We climbed into Dan’s little Mercedes and drove around campus for a half hour. Chatting. He wanted to get to know me. He was a genuine pain in the ass and relished being in charge, the greatest leader I’ve known in sports.
He ran the organization. But he Nick O'Leary Womens Jersey was a struggle for sportswriters, especially after games, when it took him so long to come down from his game high, win or lose. But from that Mercedes ride on, he always was OK with me.
We were in San Francisco, that first year, a strike year, and Fouts and Joe Montana had a gun battle, becoming the first two NFL QBs to throw for more than 400 yards in a game. Chargers won. Afterward, at his locker, Dan told a reporter to “get that (bleeping) microphone out of my face.” It was his dad, long a voice of the Niners.
So I’m just supposed to forget that, supposed to forget Fouts coming up to me the next year, on the plane ride back from Miami after they got their butts kicked in the playoffs (he’d thrown five picks), and telling me he didn’t see me in the locker room (overcrowded) and asked if I needed anything?
Am I supposed to forget having lunch with Fouts years later at UCSD and discussing the John Jefferson trade? Dan loved JJ, who saved him more than once. The team got Wes Chandler to replace Jefferson. Fouts said that, after Chandler’s first practice, Charlie Joiner came up to him and asked: “What did you think?” Dan’s reply: “We got a better player.”

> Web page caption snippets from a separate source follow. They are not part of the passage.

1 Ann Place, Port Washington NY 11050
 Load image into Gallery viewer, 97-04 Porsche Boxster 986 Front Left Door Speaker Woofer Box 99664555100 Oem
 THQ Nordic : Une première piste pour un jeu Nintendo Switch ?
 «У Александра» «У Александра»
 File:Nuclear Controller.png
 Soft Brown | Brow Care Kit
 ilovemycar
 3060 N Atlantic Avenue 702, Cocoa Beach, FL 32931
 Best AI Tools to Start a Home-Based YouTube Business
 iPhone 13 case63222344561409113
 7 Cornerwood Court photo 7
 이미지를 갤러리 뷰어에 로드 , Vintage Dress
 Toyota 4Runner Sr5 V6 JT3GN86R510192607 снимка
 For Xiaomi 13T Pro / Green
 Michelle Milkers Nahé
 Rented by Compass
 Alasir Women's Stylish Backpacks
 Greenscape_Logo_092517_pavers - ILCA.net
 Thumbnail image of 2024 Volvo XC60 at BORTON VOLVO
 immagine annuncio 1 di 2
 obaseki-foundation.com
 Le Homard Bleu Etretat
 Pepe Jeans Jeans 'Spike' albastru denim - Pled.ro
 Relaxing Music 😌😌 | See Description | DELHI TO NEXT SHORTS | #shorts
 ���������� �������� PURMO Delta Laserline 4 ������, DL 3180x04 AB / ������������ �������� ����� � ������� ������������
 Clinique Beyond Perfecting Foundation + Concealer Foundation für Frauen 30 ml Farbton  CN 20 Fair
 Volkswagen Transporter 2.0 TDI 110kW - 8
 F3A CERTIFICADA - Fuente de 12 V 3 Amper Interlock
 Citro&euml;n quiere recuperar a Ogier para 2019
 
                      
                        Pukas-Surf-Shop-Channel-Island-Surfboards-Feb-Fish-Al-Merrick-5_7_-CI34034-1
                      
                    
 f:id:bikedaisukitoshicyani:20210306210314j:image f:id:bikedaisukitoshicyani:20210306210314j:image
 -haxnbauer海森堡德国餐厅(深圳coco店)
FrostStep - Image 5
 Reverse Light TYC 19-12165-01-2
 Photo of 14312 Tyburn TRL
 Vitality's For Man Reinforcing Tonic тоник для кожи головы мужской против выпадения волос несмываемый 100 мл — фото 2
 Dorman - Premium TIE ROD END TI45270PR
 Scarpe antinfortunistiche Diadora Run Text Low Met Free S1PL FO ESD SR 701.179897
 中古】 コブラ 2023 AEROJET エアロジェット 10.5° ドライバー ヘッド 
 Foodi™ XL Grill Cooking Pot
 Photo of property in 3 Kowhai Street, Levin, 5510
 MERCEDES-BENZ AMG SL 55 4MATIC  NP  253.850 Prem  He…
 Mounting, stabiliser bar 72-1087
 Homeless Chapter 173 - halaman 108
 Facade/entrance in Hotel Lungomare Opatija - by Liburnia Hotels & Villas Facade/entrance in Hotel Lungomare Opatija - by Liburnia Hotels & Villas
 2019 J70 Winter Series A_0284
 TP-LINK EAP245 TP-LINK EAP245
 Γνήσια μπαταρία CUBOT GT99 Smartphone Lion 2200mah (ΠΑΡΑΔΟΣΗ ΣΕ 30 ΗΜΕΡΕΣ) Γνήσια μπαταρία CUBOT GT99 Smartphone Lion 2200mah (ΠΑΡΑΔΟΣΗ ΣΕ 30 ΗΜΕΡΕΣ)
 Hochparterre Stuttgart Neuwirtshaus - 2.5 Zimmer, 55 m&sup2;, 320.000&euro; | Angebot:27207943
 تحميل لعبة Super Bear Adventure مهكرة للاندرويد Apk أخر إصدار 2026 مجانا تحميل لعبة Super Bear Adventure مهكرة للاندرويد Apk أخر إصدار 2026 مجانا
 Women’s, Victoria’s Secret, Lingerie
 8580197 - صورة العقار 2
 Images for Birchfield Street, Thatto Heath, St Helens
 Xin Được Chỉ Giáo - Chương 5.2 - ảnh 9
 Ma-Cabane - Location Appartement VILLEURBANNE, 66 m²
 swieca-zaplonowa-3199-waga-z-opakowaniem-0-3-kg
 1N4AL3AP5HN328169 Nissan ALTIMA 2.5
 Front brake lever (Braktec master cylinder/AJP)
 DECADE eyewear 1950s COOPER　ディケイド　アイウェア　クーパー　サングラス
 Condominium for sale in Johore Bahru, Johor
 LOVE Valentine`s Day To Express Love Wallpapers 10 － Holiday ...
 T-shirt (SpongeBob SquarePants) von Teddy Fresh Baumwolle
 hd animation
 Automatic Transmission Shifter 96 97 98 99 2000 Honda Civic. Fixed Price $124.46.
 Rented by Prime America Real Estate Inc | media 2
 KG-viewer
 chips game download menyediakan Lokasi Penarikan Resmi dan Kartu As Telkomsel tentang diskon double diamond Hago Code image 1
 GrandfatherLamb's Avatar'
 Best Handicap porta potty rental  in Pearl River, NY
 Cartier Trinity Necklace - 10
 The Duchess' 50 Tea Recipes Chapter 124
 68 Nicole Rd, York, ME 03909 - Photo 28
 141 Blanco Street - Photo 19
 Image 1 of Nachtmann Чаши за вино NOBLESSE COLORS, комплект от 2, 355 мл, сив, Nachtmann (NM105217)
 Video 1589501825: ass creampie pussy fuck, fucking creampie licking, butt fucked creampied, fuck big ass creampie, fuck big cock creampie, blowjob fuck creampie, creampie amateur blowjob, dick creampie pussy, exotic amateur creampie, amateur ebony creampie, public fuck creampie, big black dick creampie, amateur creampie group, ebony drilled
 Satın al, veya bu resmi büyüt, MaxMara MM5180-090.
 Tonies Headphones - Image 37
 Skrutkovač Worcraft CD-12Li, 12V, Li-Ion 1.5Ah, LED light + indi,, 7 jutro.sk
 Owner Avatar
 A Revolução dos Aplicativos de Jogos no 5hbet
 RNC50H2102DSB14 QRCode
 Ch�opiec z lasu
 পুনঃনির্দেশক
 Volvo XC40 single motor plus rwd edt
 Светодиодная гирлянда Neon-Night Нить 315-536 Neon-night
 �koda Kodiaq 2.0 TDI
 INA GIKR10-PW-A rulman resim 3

After Lance Alworth, probably the greatest receiver ever, Chandler is the second-best Chargers wideout. Brilliant. That strike year, 1982, he had the best half-season in history. Check it out.
Wes was remarkable. He was so athletic he could use both hands to play against himself on video games. He broke 80 the first time he played golf.
Kellen Winslow, such a great tight end, so smart, so media-savvy.
The late Chuck Muncie, so troubled, such a good guy. Was LaDainian Tomlinson a better back? I’ll never say that. Certainly not as gifted. Ed White. Great player. Better man. Big Hands. Louie. Moosie.
Moments. Memories. Tales, long and short.
I could write a thousand columns like this. I’ve only touched on the beginning of my association with the team, not even getting into Ramon Humber Kids Jersey coaches, GMs and owners, where there are more stories than a skyscraper.
But, physically, they are (mostly) gone now. And we are an emptier place.
If you don’t think so, wait until September. Souls cannot play.